Spark Java DataFrame Transform

Spark DataFrames provide functionality for working with structured data easily and allows SQL functions to be used. Koverse provides the records in user-selected data sets to Spark as DataFrames and automatically defines the schema of each DataFrame according to the structure of records in each Koverse data set.

To start a project containing a custom Transform, we’ll need to include the Koverse SDK. See Linking to the Koverse API for details.

DataFrame Transform Example

In this example we’ll generate sentiment analysis scores for records containing text and a date field using a Spark DataFrame and Java. This will allow us to see if sentiment is changing over time.

First we’ll start off by subclassing JavaSparkDataFrameTransform:

package com.koverse.examples.analytics;

import com.koverse.sdk.Version;
import com.koverse.sdk.data.Parameter;
import com.koverse.sdk.transform.java.DataFrameTransform;
import com.koverse.sdk.transform.java.DataFrameTransformContext;
import org.apache.spark.broadcast.Broadcast;
import org.apache.spark.sql.Dataset;
import org.apache.spark.sql.Row;
import org.apache.spark.sql.api.java.UDF1;
import org.apache.spark.sql.functions;
import org.apache.spark.sql.types.DataTypes;

import java.util.Map;


public class SentimentAnalysis extends DataFrameTransform {

}

If you’re using an IDE such as Eclipse or Netbeans you can use the IDE’s function to generate stubs for the functions required to be implemented by the JavaSparkDataFrameTransform class.

We’ll begin by defining a set of parameters that our Transform will use to request configuration information from a user of the Koverse UI. In this case we’ll ask the user to tell our Transform which field in their data contains text and which field contains a date:

public static final String TEXT_COL_PARAM = "textCol";
public static final String DATE_COL_PARAM = "dateCol";
public static final String ANALYZE_SENTIMENT_TRANSFORM = "analyze-sentiment";

@Override
public Iterable<Parameter> getParameters() {
  return newArrayList(
      Parameter.newBuilder()
          .displayName("Text field")
          .parameterName(TEXT_COL_PARAM)
          .required(Boolean.TRUE)
          .type(Parameter.TYPE_COLLECTION_FIELD)
          .build(),
      Parameter.newBuilder()
          .displayName("Date field")
          .parameterName(DATE_COL_PARAM)
          .required(Boolean.TRUE)
          .type(Parameter.TYPE_COLLECTION_FIELD)
          .build(),
      Parameter.newBuilder()
          .required(true)
          .type(Parameter.TYPE_INPUT_COLLECTION)
          .parameterName("inputDataset")
          .displayName("Dataset containing input records")
          .build());
}

Note that the “inputDataset” parameter can take multiple input datasets, as long as they share the same schema, and if so the union of those will be taken before they are passed into the transform.
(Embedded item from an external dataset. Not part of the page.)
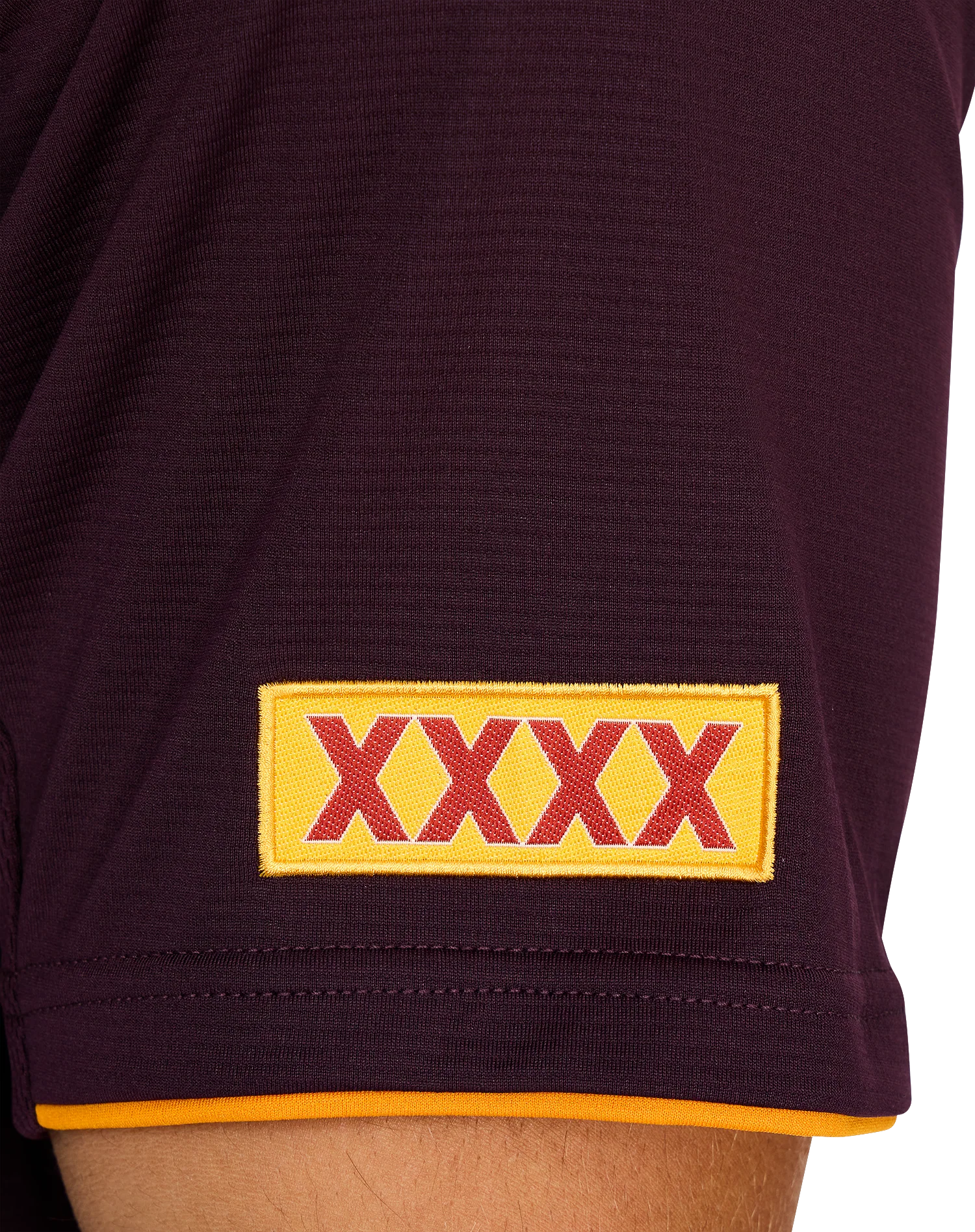 NRL 2026 Training Polo - Brisbane Broncos - Adult - Mens - Maroon - Image 3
Next will implement our execute() function which will generate sentiment scores based on the text field and return a new data frame with the new score field and original text and date fields. We’ll start by extracting the user specified names for the text and date fields:

@Override
public Dataset<Row> execute(DataFrameTransformContext context) {
  String textCol = context.getParameters().get(TEXT_COL_PARAM);
  String dateCol = context.getParameters().get(DATE_COL_PARAM);

We’ll generate a sentiment score by using a word list published in the AFINN data set. The example code in the koverse-sdk-project repo contains this data set represented in the AfinnData class as a static Java Map that we’ll use to lookup the sentiment score of each word and generate an average sentiment for each message.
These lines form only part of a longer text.